OBN Urges Telehealth Visits For Patients Needing Prescription Refills
Oklahoma’s drug enforcement agency wants to keep the public safe from the coronavirus (COVID-19) while also keeping dangerous prescriptions out of the hands of some citizens.
The Oklahoma Bureau of Narcotics urged doctors on Monday to limit their contact with patients needing prescription refills. Agency officials said that it is acceptable to not have a patient come in for an office visit.
“They can do it over the phone,” said Mark Woodward, Oklahoma Bureau of Narcotics. “Any type of telehealth will be acceptable during this unique time.”
The required office visit for patients on narcotic drugs was temporarily lifted by the U.S. Drug Enforcement Agency last week and the OBN followed their lead.
“We’re asking that doctors use their best judgment and they can go ahead and call in a refill without physically seeing a patient,” said Woodward.
It has taken awhile for doctors to get OBN’s new directive. Patients are growing concerned about doctor visits as COVID-19 spreads across the state.
“I emailed the governor, the mayor,” said Kim, local patient. “I’ve talked to the Oklahoma Health Department. I’ve called the COVID-19 hotline.”
Kim said after finally getting a letter from the OBN for her doctor, he rescheduled for a telehealth visit.
She worried that not all metro doctors are switching over fast enough to keep at-risk populations safe.
“Fifty percent of them are elderly that come in the doctor’s office when I’m there,” said Kim. “They’ll be exposed. They’re limiting the people in there but that doesn’t mean it’s not on the surface.
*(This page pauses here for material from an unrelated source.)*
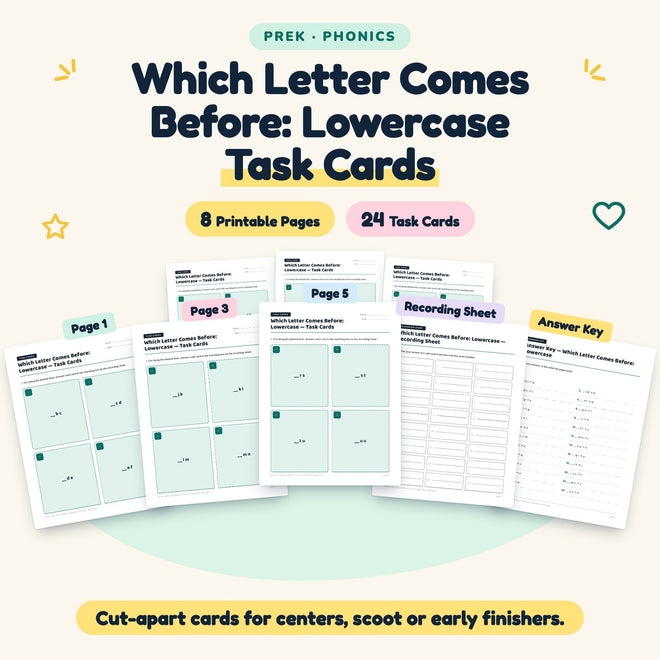 Which Letter Comes Before: Lowercase Task Cards | Preschool — cover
Doesn’t mean it’s not in the air.”
The OBN recently fielded dozens of calls from doctors and healthcare workers about how to handle people on narcotic prescriptions.
“We want to support our health system and make sure that there’s not unnecessary contact of additional people,” said Woodward. “Who are going in to see their physicians and hospitals that don’t need to.”
The OBN does not have a time frame on how long telemedicine will be used for prescriptions. Officials said it will be used as long as it is needed.